## WHAT THE TASK ASKS
Your answer must be the exact lines below, starting with the line with "Weiße bedruckte Baseballkappe" and going on through the line with "Ocean Breeze Hotel Странд Экстерьер фото", both included, with no pictures.

## MATERIAL PROVIDED
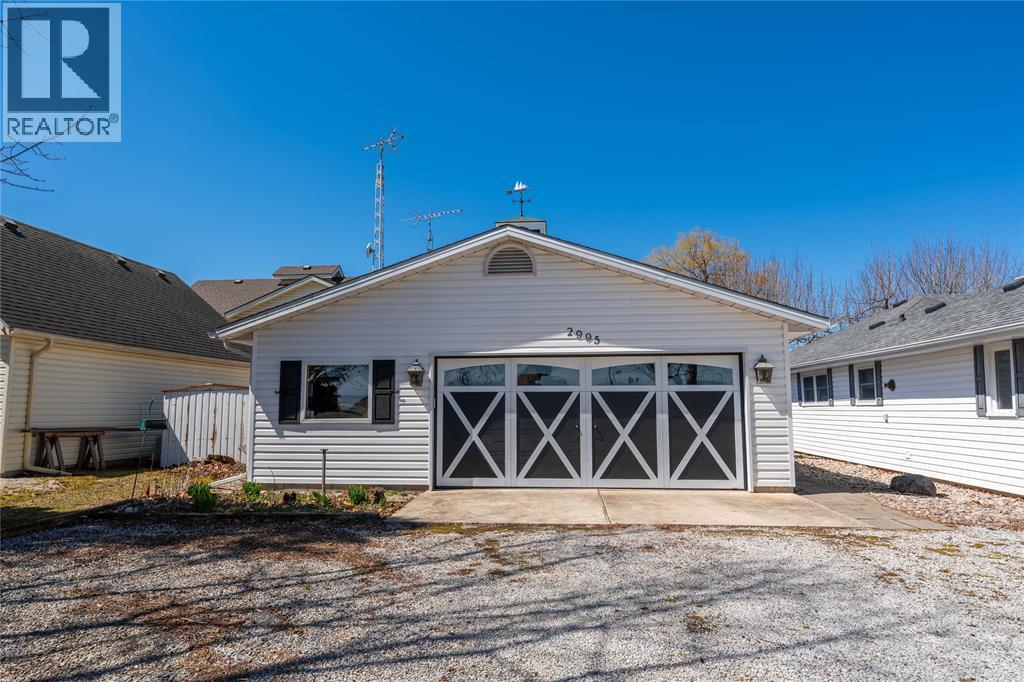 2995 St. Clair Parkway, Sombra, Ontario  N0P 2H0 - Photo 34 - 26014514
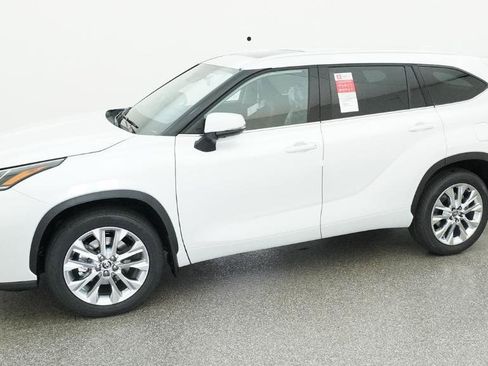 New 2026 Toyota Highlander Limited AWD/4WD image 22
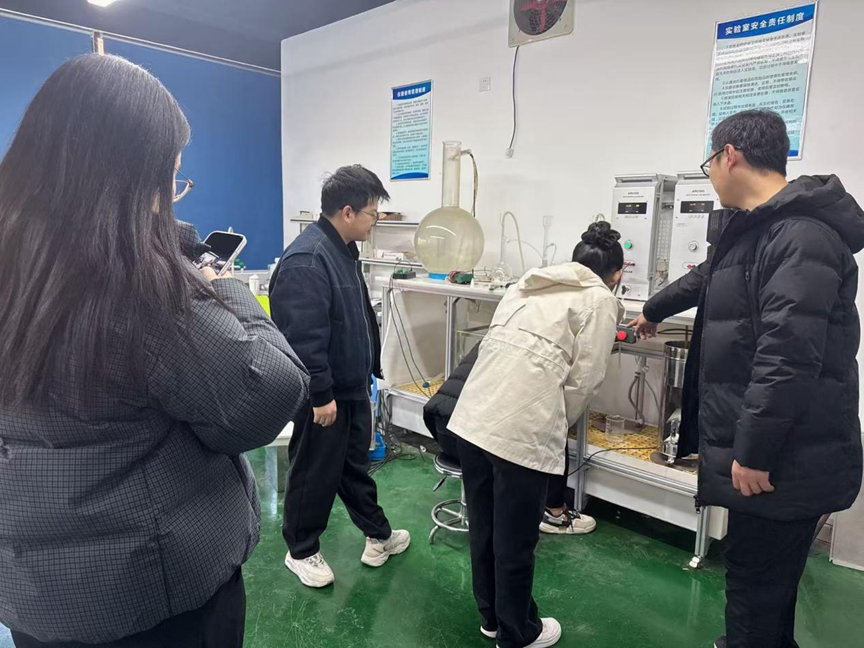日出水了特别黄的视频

* * *

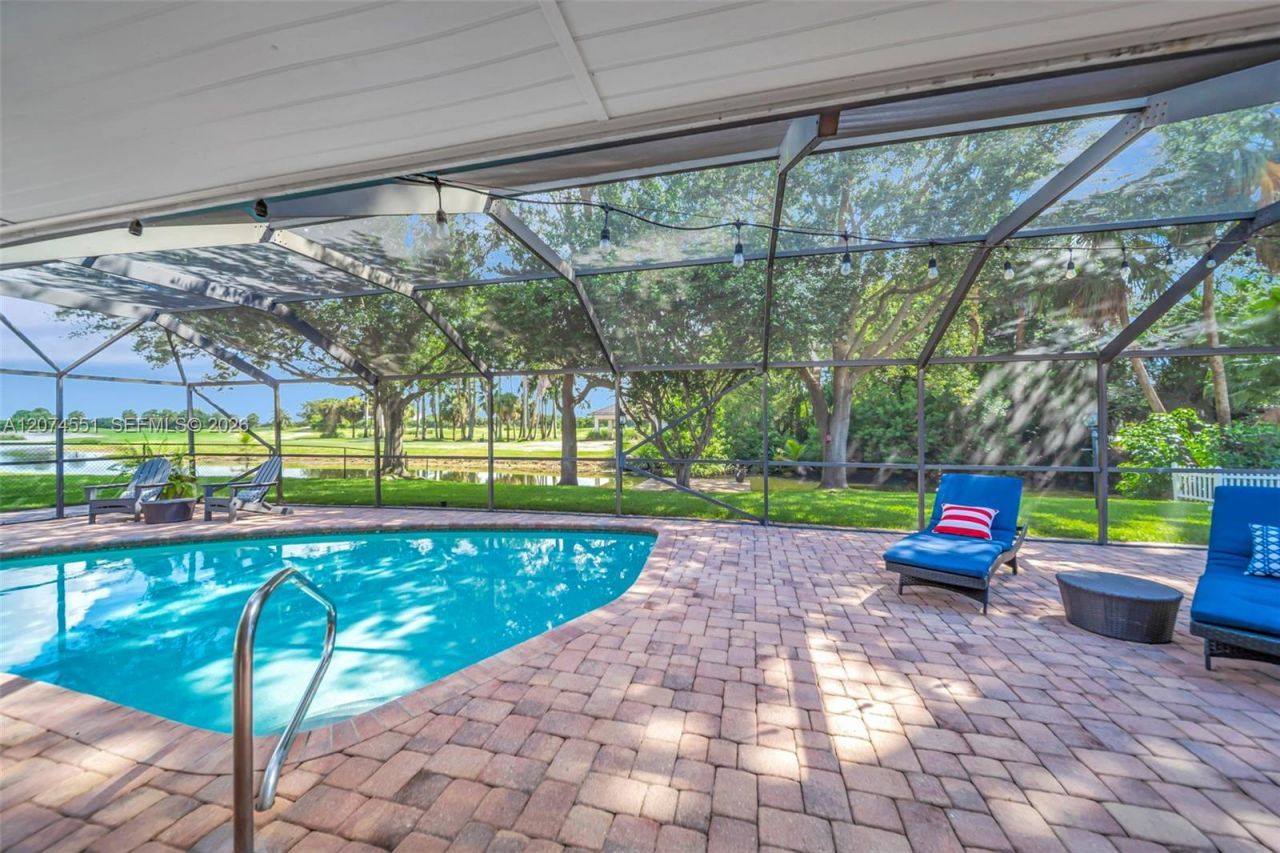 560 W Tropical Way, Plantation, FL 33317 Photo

* * *

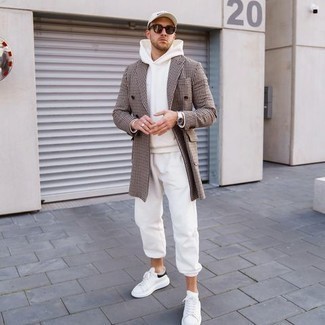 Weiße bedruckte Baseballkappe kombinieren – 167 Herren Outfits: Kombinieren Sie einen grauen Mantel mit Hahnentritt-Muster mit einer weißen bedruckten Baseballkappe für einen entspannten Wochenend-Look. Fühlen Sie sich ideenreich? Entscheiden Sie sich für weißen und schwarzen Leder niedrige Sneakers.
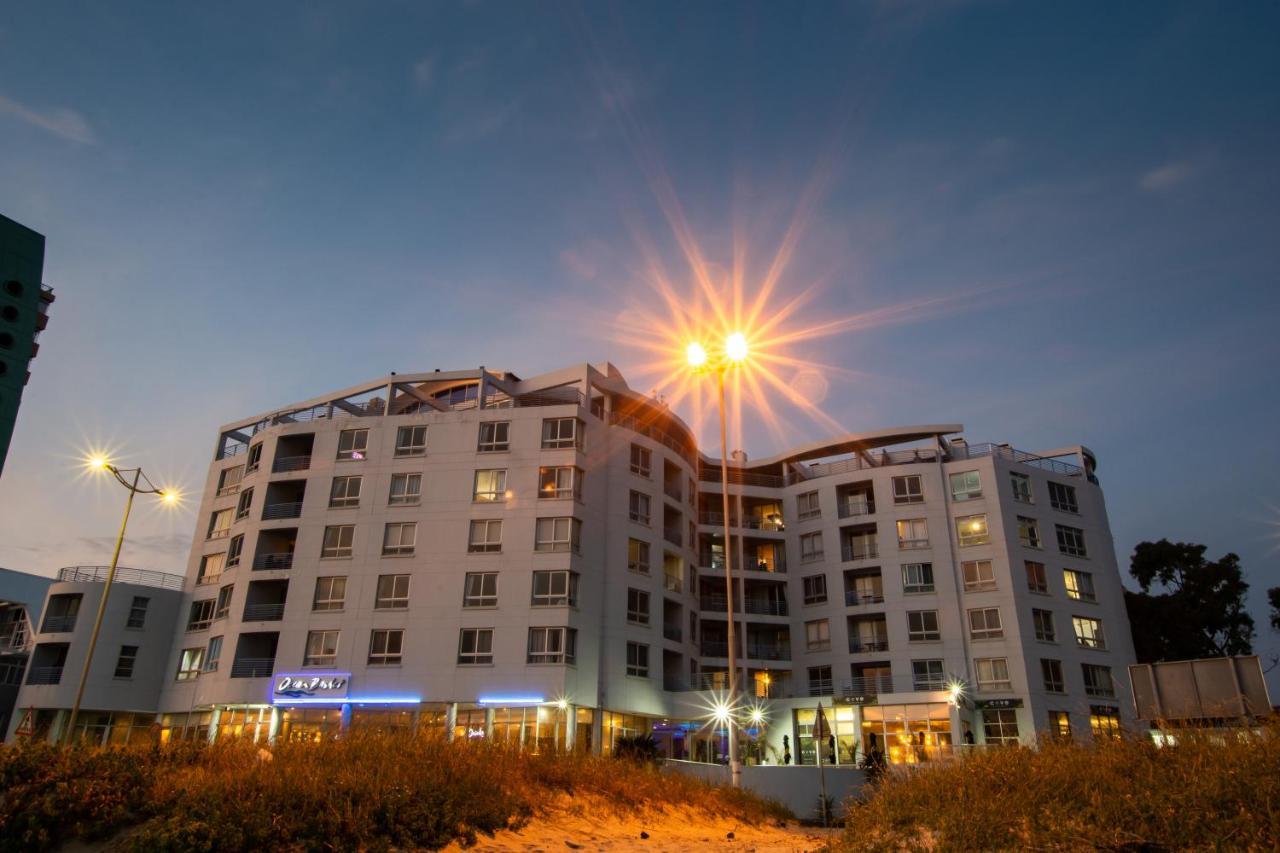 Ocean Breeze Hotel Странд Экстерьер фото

## REPLY TO THE EXERCISE
 Weiße bedruckte Baseballkappe kombinieren – 167 Herren Outfits: Kombinieren Sie einen grauen Mantel mit Hahnentritt-Muster mit einer weißen bedruckten Baseballkappe für einen entspannten Wochenend-Look. Fühlen Sie sich ideenreich? Entscheiden Sie sich für weißen und schwarzen Leder niedrige Sneakers.
 Ocean Breeze Hotel Странд Экстерьер фото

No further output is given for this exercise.